Es evidente que la llamada la dejé para mejores épocas, pero aquello sí me enseñó la lección de que a veces aunque puedas recuperar un libro, no siempre será con el mismo precio. Eso incluso podríamos extrapolarlo a otras cuestiones de nuestra vida y a más de uno/a le habrá pasado con una prenda de vestir, una película o un cd de música. Desde entonces, procuro no dejar un libro a nadie de mi confianza y cuando ocurre rara vez, me encargo de dejar muy claro que el libro ¡Ya tiene dueño!.
Este absurdo relato es totalmente verídico y viene a colación de la anécdota que he escogido para hoy.
Ya desde la Edad Media ocurrían este tipo de situaciones. La única diferencia estribaba en que los monasterios y templos del saber eran los encargados de "guardar" sus joyas entre paredes.
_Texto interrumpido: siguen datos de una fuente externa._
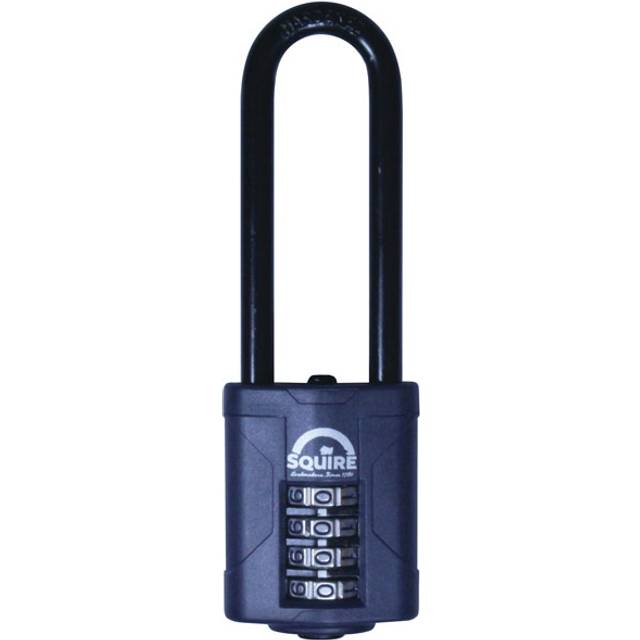 Squire CP50/1.5 Combination Padlock 4-Wheel 50mm Long Shackle 38mm Boxed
Eso no era motivo para que los mismos sacerdotes y personajes del clero se dejaran tentar por lo ajeno.
Incluso en el año 1568, el Papa Pío V formuló un decreto para amenazar de sus actos a aquellos que incurrieran en tal delito. Desde entonces, Bibliotecas y lugares de culto ofrecían sus advertencias a la vista del visitante de rigor.
Sin ir más lejos, existe una inscripción en el
Monasterio de San Pedro, en Barcelona, que no deja lugar a dudas:
“Para aquel que robara, cogiera prestado o
no retornara un libro a su legítimo propietario, que se transforme en
una serpiente en su mano y se la desgarre. Que quede paralizado o todos
sus miembros malditos. Que sufra el dolor pidiendo en voz alta
clemencia, y que no se le permita recuperarse de su agonía hasta que se
descomponga. Permítase a los gusanos de los libros que roan sus
entrañas… y cuando vaya a alcanzar su castigo final, permítase que se
consuma eternamente en las llamas del infierno”.
No hubiera estado de más haber incluido tales palabras en mi famoso libro "rotulado", pero siempre consideré que la Iglesia se extralimitaba en mucha ocasiones a la hora de imponer sus códigos morales, y sería muy probable que el muchacho hubiera tenido pesadillas nocturnas durante su periodo universitario en caso de perder el ejemplar.
En fin, no sé que pensareis del asunto, pero por si acaso, mirad siempre dentro de un libro prestado y asumid las consecuencias en caso de pérdida, robo o deterioro (jejejeje).